_Exercise details_
Write out the entire listing below exactly, with the pictures left out.

_Given information_
::::::::

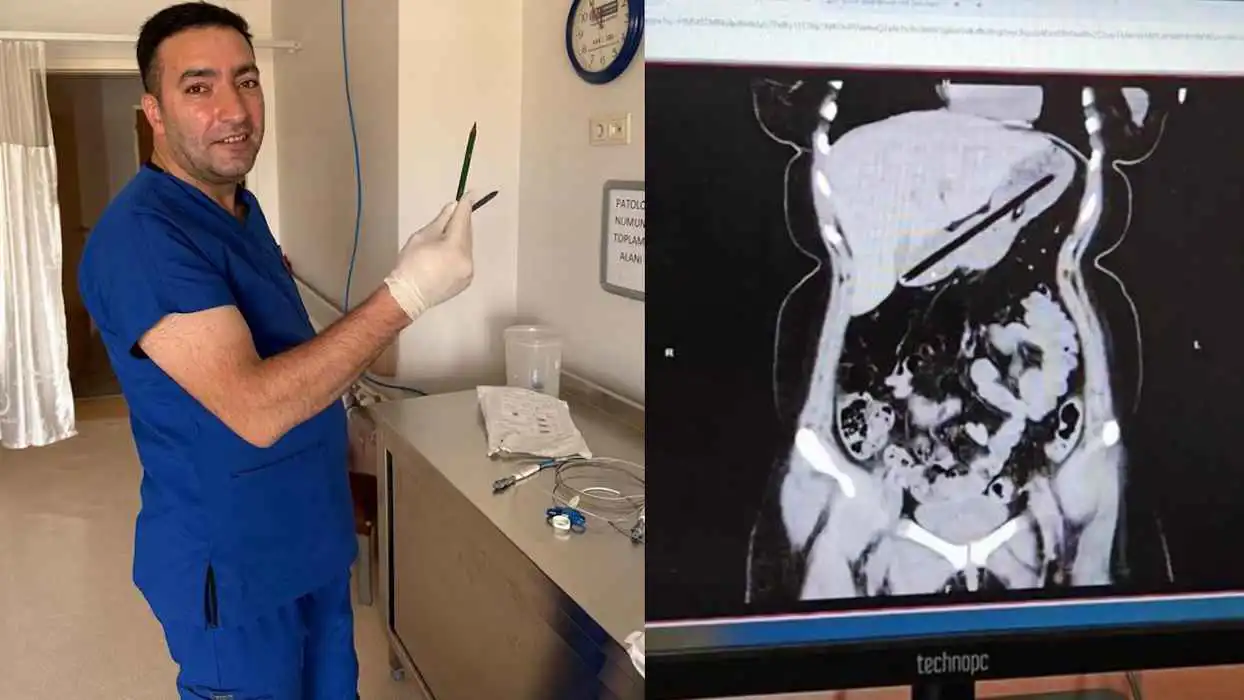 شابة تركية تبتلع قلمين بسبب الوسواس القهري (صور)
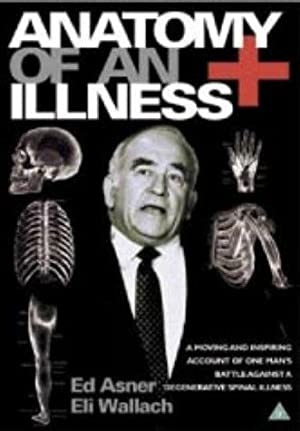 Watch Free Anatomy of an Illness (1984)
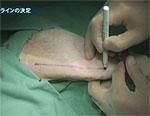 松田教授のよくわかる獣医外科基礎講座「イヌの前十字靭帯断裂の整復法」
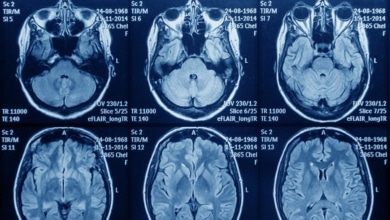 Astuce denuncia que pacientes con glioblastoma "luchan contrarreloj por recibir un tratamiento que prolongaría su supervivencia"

::::::::

_Exercise response_
 شابة تركية تبتلع قلمين بسبب الوسواس القهري (صور)
 Watch Free Anatomy of an Illness (1984)
 松田教授のよくわかる獣医外科基礎講座「イヌの前十字靭帯断裂の整復法」
 Astuce denuncia que pacientes con glioblastoma "luchan contrarreloj por recibir un tratamiento que prolongaría su supervivencia"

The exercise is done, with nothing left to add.